Besides, it makes little sense to judge whether your relationship is identical to marriage by looking only at what happens when it ends. While the relationship subsists, are the couple fully assimilated to the status of a married couple? For all tax purposes? For all social security purposes? For presumption of paternity and registration of birth purposes? For inheritance purposes? For the purpose of making care and welfare decisions about next of kin? And if there is a slew of statutory provisions giving them as-if-married status with respect to these and all other issues, is that status protected, or is it vulnerable should one of the couple unilaterally enter into a legal marriage with someone else?

The whole point of the marriage equality movement in the US is (a) that the legal and social status of marriage is not easy to replicate with a slew of statutory provisions, presumptions, private agreements and so forth and (b) that it actually makes a difference to people whether they are really married, or just treated for some specific purposes and on certain specific conditions as if they were married. We can’t really say at the same time that gay people have a legitimate concern here, but that straight people who aren’t married are as good as married, and that it’s just “a difference in nomenclature”.

Asking if someone is your boy-/girlfriend is unacceptable in your culture? It sure isn’t in mine.

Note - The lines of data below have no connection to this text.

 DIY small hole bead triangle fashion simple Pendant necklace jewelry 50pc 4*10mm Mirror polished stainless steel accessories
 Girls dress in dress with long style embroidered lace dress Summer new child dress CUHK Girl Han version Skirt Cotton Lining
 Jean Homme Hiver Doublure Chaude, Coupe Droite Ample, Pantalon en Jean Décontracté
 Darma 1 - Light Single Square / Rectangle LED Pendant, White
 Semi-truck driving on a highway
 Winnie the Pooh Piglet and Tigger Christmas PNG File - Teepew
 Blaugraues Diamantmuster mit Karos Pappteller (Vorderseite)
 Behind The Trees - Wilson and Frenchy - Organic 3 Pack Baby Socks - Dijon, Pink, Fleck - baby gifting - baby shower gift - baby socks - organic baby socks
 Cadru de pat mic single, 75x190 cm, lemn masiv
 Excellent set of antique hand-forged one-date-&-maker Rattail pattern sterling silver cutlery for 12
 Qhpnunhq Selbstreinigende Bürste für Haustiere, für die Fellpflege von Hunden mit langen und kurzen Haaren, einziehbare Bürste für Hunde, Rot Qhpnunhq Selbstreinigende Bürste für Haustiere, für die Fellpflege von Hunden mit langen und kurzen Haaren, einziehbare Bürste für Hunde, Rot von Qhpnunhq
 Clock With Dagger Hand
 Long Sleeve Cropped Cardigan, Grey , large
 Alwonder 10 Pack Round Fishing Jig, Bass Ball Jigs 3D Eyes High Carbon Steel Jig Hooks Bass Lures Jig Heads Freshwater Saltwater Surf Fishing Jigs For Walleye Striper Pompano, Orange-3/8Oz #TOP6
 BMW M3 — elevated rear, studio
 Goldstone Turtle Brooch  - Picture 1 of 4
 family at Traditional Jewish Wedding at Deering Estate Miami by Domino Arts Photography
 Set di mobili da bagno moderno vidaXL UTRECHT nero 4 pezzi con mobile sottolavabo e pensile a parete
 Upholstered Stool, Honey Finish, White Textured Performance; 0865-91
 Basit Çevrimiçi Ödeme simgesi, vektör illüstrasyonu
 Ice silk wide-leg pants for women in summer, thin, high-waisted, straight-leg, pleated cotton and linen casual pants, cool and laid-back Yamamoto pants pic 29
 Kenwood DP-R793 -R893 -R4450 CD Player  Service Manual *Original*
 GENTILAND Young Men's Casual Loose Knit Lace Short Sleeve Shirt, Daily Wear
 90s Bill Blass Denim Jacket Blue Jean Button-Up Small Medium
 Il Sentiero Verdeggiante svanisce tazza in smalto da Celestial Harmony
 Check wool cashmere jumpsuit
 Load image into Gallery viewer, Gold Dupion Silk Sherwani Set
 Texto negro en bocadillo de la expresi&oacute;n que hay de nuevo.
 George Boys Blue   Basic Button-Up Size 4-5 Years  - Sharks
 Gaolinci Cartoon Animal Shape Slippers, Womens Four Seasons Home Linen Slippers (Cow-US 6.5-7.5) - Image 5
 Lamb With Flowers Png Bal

Amongst people who know each other, of course, not strangers. That would be weird.

Health care? In Ontario? Everyone has it, no matter who they are shacked up with or just left.

Most corporate benefit plans (Dental, prescription drugs, etc.) specifically REQUIRE cohabitation for “spouse” or equivalent. Dependents must be that - under 18 or full-time at college 23 and under with no intervening time off in the workforce, or handicapped and fully dependent.

Our company went through a cost-cutting exercise where the benefits company required everyone to sign a statement to that effect. Quite a few people had (mutually agreed) deals with the ex to keep them on benefits, which ended when this letter came out.

What cohabitation will get you, whatever its non-legal non-name, is a share of the retirement benefits earned during your relationship. If X has a pension after 30 years, and Y cohabited for 10 of those, Y gets half of 1/3 of the pension, or 1/6. I know of several divorces where the wife though she was hitting the jackpot, only to find that the Net Present Value of a about a sixth of a pension possibly 20 years or more in the future was less that $20,000. Of course, any benefit plan for retirees is also part of that mix. IIRC the spouse at the time of retirement gets the benefit and survivor pension rights, no matter what happens before that or after.

In a home shared by a number of people, if some of them are fucking others of them, it is likely to come up in conversation. If it hasn’t, asking who is fucking who is invasive, IMHO.

Fairfax County has a department specifically for addressing these types of issues.

Just to be clear, the tenants would be in violation of a zoning ordinance, not a criminal law. But they can and do enforce this.

Sorry, I was unclear. If you get hospitalized, they can approve treatments.

I would think since there is no marriage between the lovers, it is acceptable, all be it immoral.